|Family, children & grandchildren, friends, mentors (1 Records)
Family, children & grandchildren, friends, mentors
|Grandparent - Keeping in contact #47 - 20160407 - Risk and reward #NNI.6350 Exp 05-15|
common sense, risk taking
Mischievous - something special, flirt with danger, test your will -- insecurity or love?
So many tempting kinds of lunacy or thrills but only one of common sense. Seek the latter.
No matter what you choose to do, there’s a risk and reward.
Too often, we don’t weigh hazards before we decide. Suspect most often rewards with bragging rights have such strong appeal we are simply fortunate to avoid risk penalties.
Fifty three years have passed since I first participated in Indiana University’s Little 500 bicycle race. A year earlier, I spectated. Acacia’s team, a favorite, wrecked near the finish so placed a disappointing fifth. After winning the prior year, expectations intensified.

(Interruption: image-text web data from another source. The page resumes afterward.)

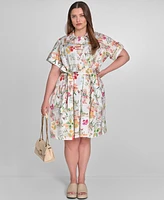 Karl Lagerfeld Paris Plus Conversational Belted Shirtdress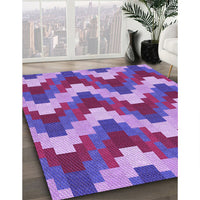 Patterned Dark Magenta Purple Rug, pat3569pur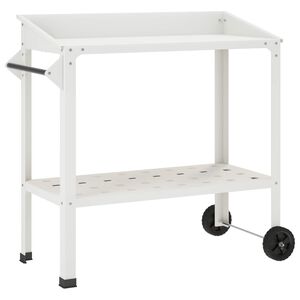 vidaXL Pottafel met Wielen 96 x 50 x 89 cm Koudgewalst staal Wit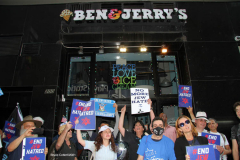 New York,Assembly Members Daniel Rosenthal and Simcha Eichenstein hold a protest to #EndJewHatred at Ben & Jerry’s, and to oppose antisemitic and illegal commercial boycotts against Jews and Israel. Ben & Jerry’s at 200 W. 44th Street, Manhattan. HeshyTischler  stirs up the crowd. and a counter protest backing Ben & Jerry's was held across the street from the anti Ben & Jerry's protest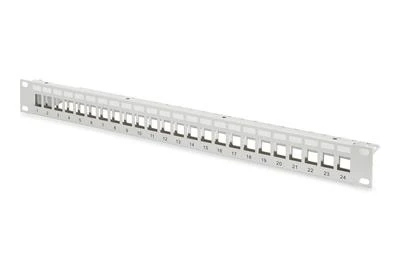 DIGITUS Patchpanel 1HE 24 prievadų modulinis patchpanel pilkas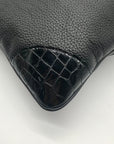 Brighton Black Croc Embossed Shoulder Bag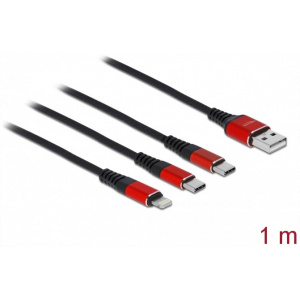 Delock USB 3-in-1 töltőkábel szett (USB-A>Lightning™, 2x USB Type-C™) 1m #1
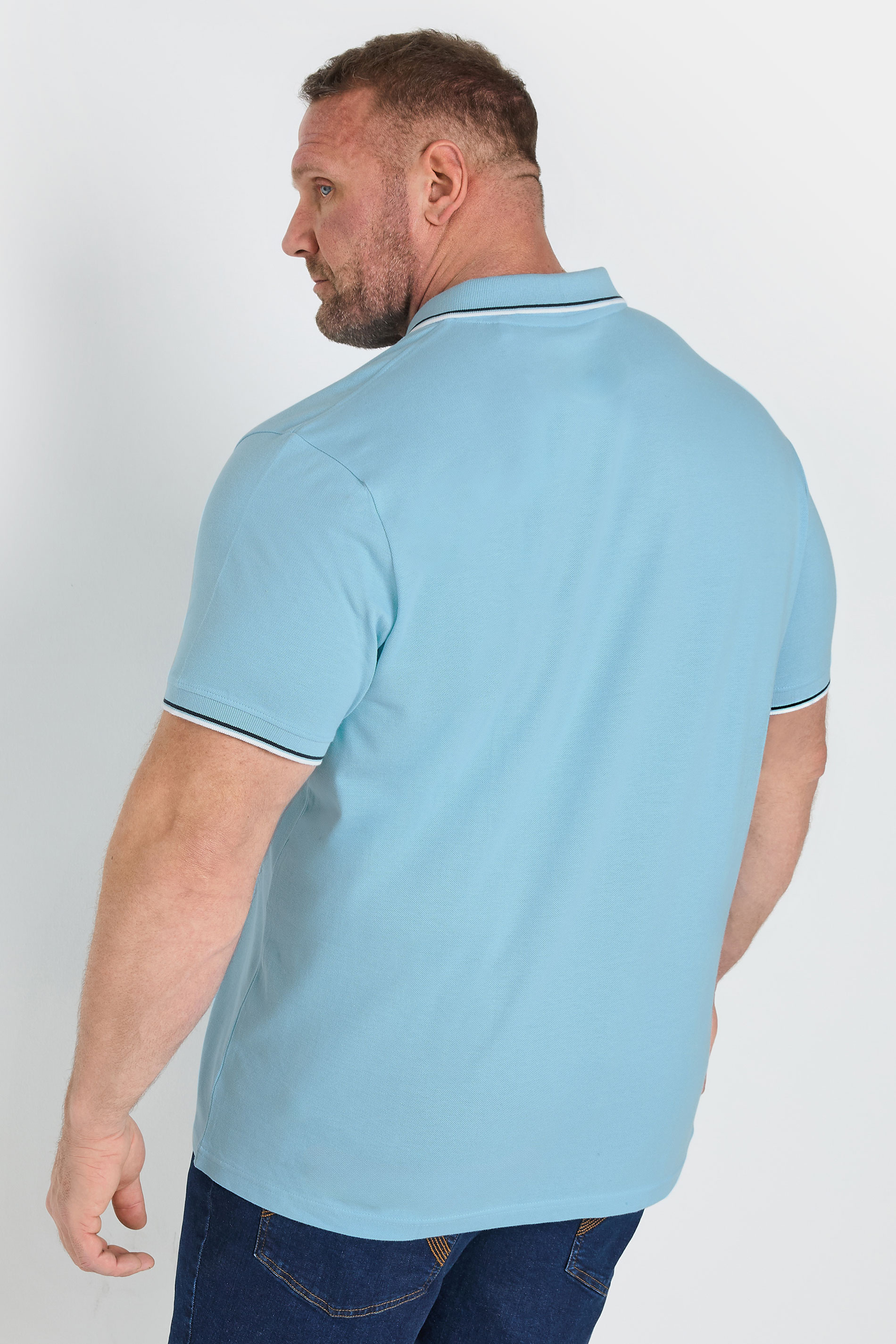 BadRhino Big & Tall 3 Pack Blue & Yellow Tipped Polo Shirts | BadRhino 4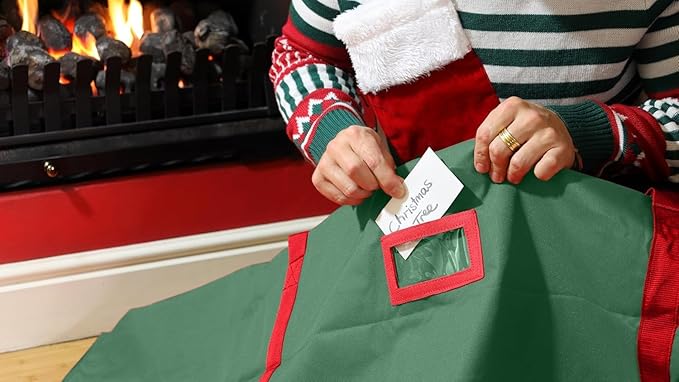 HOLDN’ STORAGE Christmas Tree Bag Heavy Duty 600D Oxford - Christmas Tree Bags Storage Fits Up To 9Ft, Extra Wide, Waterproof Storage Bags with Reinforced Handles & Zipper - Green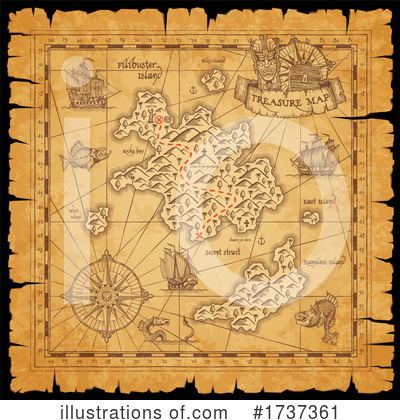 Treasure Map Clipart #1737361 by Vector Tradition SM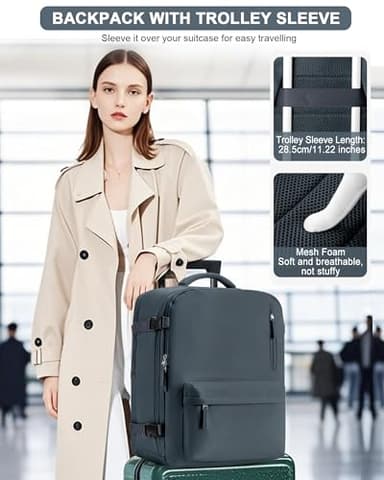 Travel Backpack for Women Men for Spirit Airlines Personal Item Bag 18x14x8 Inches Laptop College Waterproof Carry on Flight Approved Work Backpack Mochila de Viaje, Large Grey Blue - Image 4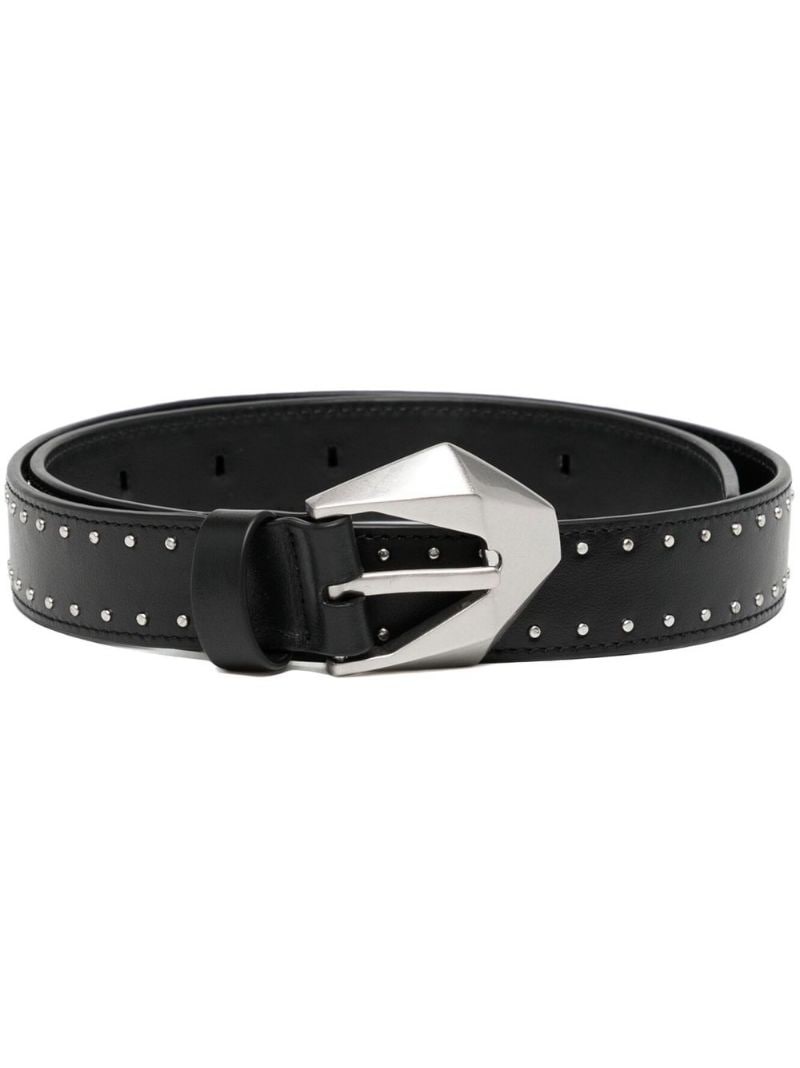 studded leather buckle belt - 1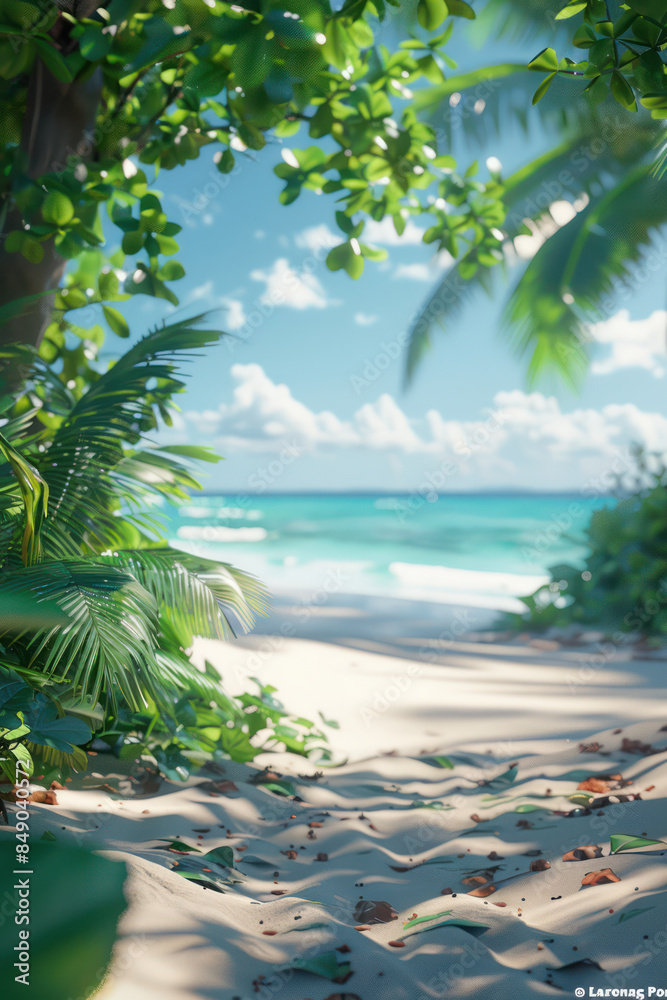 Fototapeta premium Serene Tropical Beach with Lush Green Foliage and Blue Ocean Under a Sunny Sky Perfect Escape for Relaxation and Adventure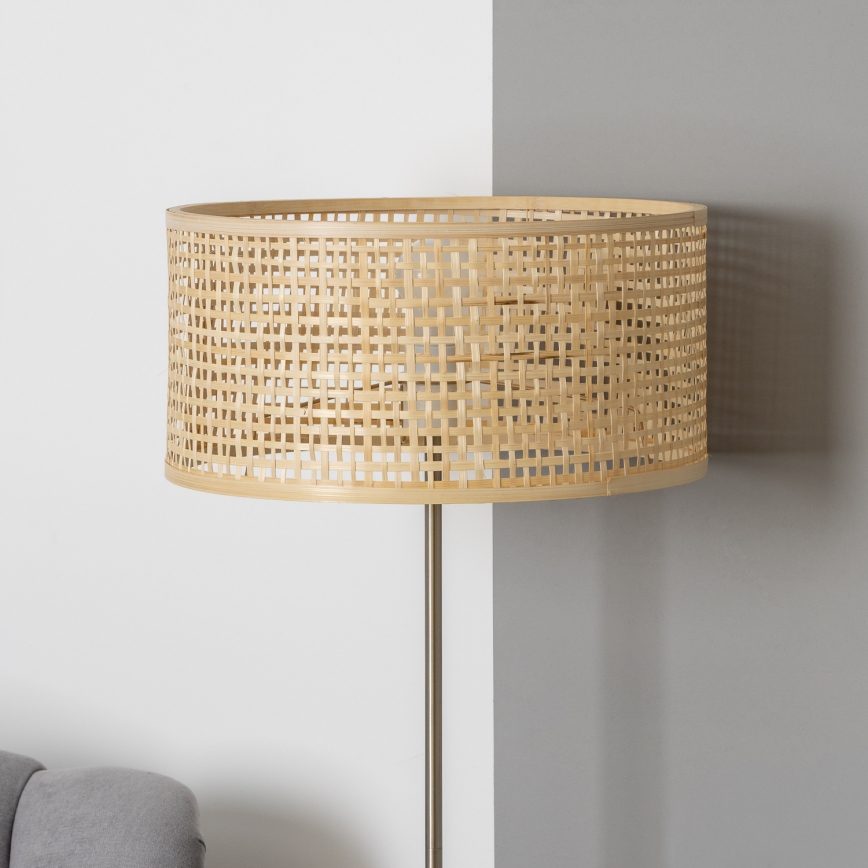 Brilagi - LED golvlampa CERIA 1xE27/40W/230V Ø 40 cm bambu/matt krom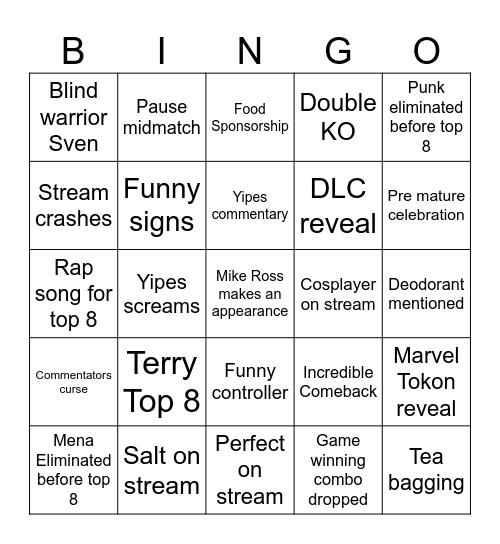 EVO 2025 Baby! Bingo Card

That event provided a moment to think, “I can do that,” then pursue that notion. To validate bicycle racing, I tested Wabash County back roads and riding to Culver and back the 1962 summer convinced me I could make the team.
In recent years, I timed and scored the men’s race. An entirely different perspective, it confirmed good luck often determines the outcome, regardless of each rider’s preparation and confidence.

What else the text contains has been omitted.